Kei Car Classic: 1975 Mazda Chantez GL

Are there any vintage Japanese car fans out there? This is a 1975 Mazda Chantez GL; that just rolls off the tongue, doesn’t it? This unusual Japanese-market car is on craigslist with an asking price of about $6 per pound, or $6,500! Yes, this car weights 1,080 pounds.

I absolutely love cars that are shaped like this, and sized like this. I don’t know why, we had a ’56 Pontiac, a ’69 Plymouth, and a ’70 Olds 98 when I was growing up, I shouldn’t like cars that are 9′-10″ long and just over 4-feet wide, but I do. I’m not sure what that lettering says, I’m guessing this was some sort of government or city car in Japan. The owner has had it for “years”, importing it and driving it around the Pittsburgh, Pennsylvania area, attending vintage Japanese car shows with it and drawing crowds. The underside is in amazing condition. Yes, this is a rear-wheel drive car! You expected front-wheel drive, come on, be honest!

The interior looks pretty nice, but you’ll have to get used to shifting with your left hand if you aren’t already familiar with that. It even has AC, but no word on if it works and/or how many mph it slows this car down when it’s cranked on. This car has a top speed of 71 mph. The Mazda Chantez, as you can probably tell, was in the Japanese Kei car class, which were meant to comply with Japanese insurance and tax regulations and they had to stay below a certain maximum engine size. Up to 1975, the engine size couldn’t be bigger than 360 cc and as with most other manufacturers, this one has a 359 cc two-cylinder, two-stroke engine. If it ain’t smokin’, it’s broken!

Here’s that 359 cc two-cylinder, two-stroke engine with 33 hp. This one is water-cooled which is almost luxurious compared to some other Kei cars that were air-cooled. And, there’s enough room for the spare tire in there! Mazda originally designed this car to house their 3A single-rotor Wankel engine but other manufacturers complained that it would give them an unfair advantage. Mazda relented, but without that engine, they eventually lost interest in the Kei car class and production ended on this car in 1976. I think this would be a super fun little car to own.
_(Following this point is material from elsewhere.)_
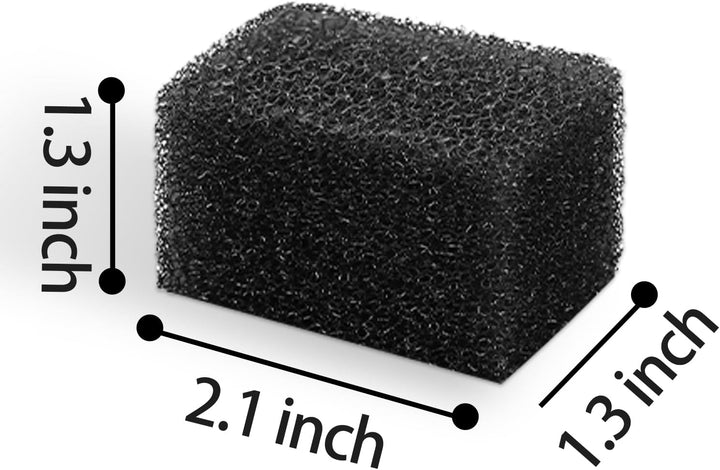 Cat Water Fountain Filters, Pack of 8 Cat Fountain Sponge Filter Pre-Filter Sponges for 84Oz/2.5L Automatic Cat Fountain+2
It wouldn’t take up much space in your garage, or your closet.. and it would sure bring the on-lookers out whenever you stopped for gas or groceries!


  1. Brian Staff

    I almost bought this car back in 2005 or so. I think it sold for $3,500 back then. I will admit, I have been looking for it ever since then. Great find Scotty!

  2. Adam T45 Staff

    The Japanese had a great history of unusual names for vehicles in this class. If you doubt me go looking for the Cony Guppy, the Flying Feather or the Super Bee just to name a few.

    • RayT Member

      Not just the tiny stuff!

      There’s always the Nissan Big Thumb….

    • Adam Wright

      The story of the 240Z was just such and example. When they decided to import it to the US the literal translation of the name was “Gentle Wind” .
      The US marketing guys scrambled for a better name, one guy asked,
      “What size is the motor?”
      2.4 was the answer, so he said 240…..Z

      And the Z car was born.

      • RayT Member

        Many, many moons ago, I was told — by someone who definitely whould have known! — that when the first prototype Mitsubishi Starion was shipped to the U.S., it wore a little prancing horse on its nose….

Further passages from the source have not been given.